わが社はこの技術を広めるために、後継者育成に力を入れている。
こんな募集なのだが、記されているように「無給」なのである。
いまどきこんなものを出すこと自体、はばかられる世の中だろうが、これを「学芸員就職課」という文化財に興味のある人々の求人サイトにも出している。
今から7~8年前、うちのHPの求人を誰かがそのサイトに転載したらしく、それを見た多くの人が応募してきた。
「学芸員」という資格は毎年数万人が習得するらしいが、聞く話では実際に学芸員として就職できるのは、年間100人もいればいいほうらしい・・・
文化財に興味を示す若者は、全体的にまじめであり、女性が多い。
その当時、50人ほどの人が応募してきた、無給であるにもかかわらず。
つまり、それだけ仕事がないのが実情なのだが、そのうちの半分は九州や青森あたりからも実際に面接に来た。
どこの企業も、面接に30分もかければ多いほうだと思うが、うちは丸1日でもかけることは稀じゃない。
私は今年の5月の3日に、還暦になるらしい・・・
私は高校を卒業し、当時は絵描きになりたくて、昼間は天王寺の美術館下の研究所でデッサンをして、夜働いていたことがある。
最初は自分で見つけてきたピザ屋に勤めたが、すぐに喧嘩をしてやめた。
そして知り合いの新地の小料理屋の女将の紹介で、ホテルのフランス料理店の面接に行った。
支配人曰く「最初はホールで3年」「次に洗い場でまた3年」「それから包丁を握らせる」と・・・・
私は当時も努力家だと自認していたので、なぜそんなに「無駄な時間」を使うのか?不満に思い、結局は就職しなかった。
だいいち、「時代遅れ」だと感じた。
それから10年以上の月日が流れた。
絵描きになる夢は挫折し、「写真」を職業としていたが、アルバイトをよく募集した。
自分が人を育てなければならなくなったとき、初めて「徒弟制度」の素晴らしさがわかった。
私の世代は高度成長期であり、大工なども建売住宅のために「即席」で育てられた世代である。
電気ノコ・電気カンナを使うことで、伝統的な職人の技は要らない。
私は徒弟制度は古いと思い、体験していないにもかかわらず、その良さに気が付いた。
しかし、多くの同世代の人々は、自分が今度は人を育てなければならなくなったとき、人を育てられない。
「人を育てる」ということと「技術者を育てる」ということは、意味が全く違う。
昔の「徒弟制度」は人を育てられたが、今の企業の研修は多くの場合「技術」に重点が置かれている。
たとえば私が若いころに受けた、ホテルのレストランで言われたことは、実は決して無駄に時間を過ごすことではなかった。
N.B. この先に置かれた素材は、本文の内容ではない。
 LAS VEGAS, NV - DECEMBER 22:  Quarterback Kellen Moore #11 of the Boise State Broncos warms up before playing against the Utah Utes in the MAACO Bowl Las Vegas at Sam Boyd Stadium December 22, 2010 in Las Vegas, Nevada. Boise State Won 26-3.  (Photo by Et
コックは厨房にいる関係で客がどんな顔をして食べているのかわからない。
客の反応はホールの人間ならすぐわかる。
そして洗い場は、客が何を残したか?
それが確認できる。
それからコックとして料理にかかわるということは、実に理に叶っている。
人を育てられれば、技術などいちいち教えなくても身に付く。
職人の世界で最初に学ばなければならないのは、何よりも「辛抱」という言葉である。
僕自身、最初のピザハウスは辛抱できずに、喧嘩をしてやめている。
何をするにしても、辛抱できなければ続かない。
続かなければ、どこで何をしてもまた同じことを繰り返し、いつまでたっても一人前になれない。
私はそんな話をいつも面接に来たものに話す。
こんな話、学校では一切聞いたことがない話であろう。
意味が解かるもの、あるいは「徒弟制度」という死語を全く理解できないもの、さまざまであるが、理解できたとしても頭で理解したに過ぎない。
徒弟制度で、生意気に理屈ばかりこねる見習いを、親方は「半人前のくせに、一人前の口を叩くな!!」と叱る。
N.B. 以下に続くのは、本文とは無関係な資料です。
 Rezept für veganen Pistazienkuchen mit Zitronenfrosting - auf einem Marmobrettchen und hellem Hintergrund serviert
いまどき、この言葉も死語だし、第一教育者は反発するだろう・・・
だけど、そんな教育者が今の若者をダメにした。
辛抱とは、まずそこから始まる。
職人は腕が命。
腕もないのに理屈ばかりこねる奴は、半人前でしかない。
職人は口じゃなく、実際に仕事でものを言え。
そこでじっと我慢できたものだけが、一人前に育つ。
それが「人を育てる」ということだと思う。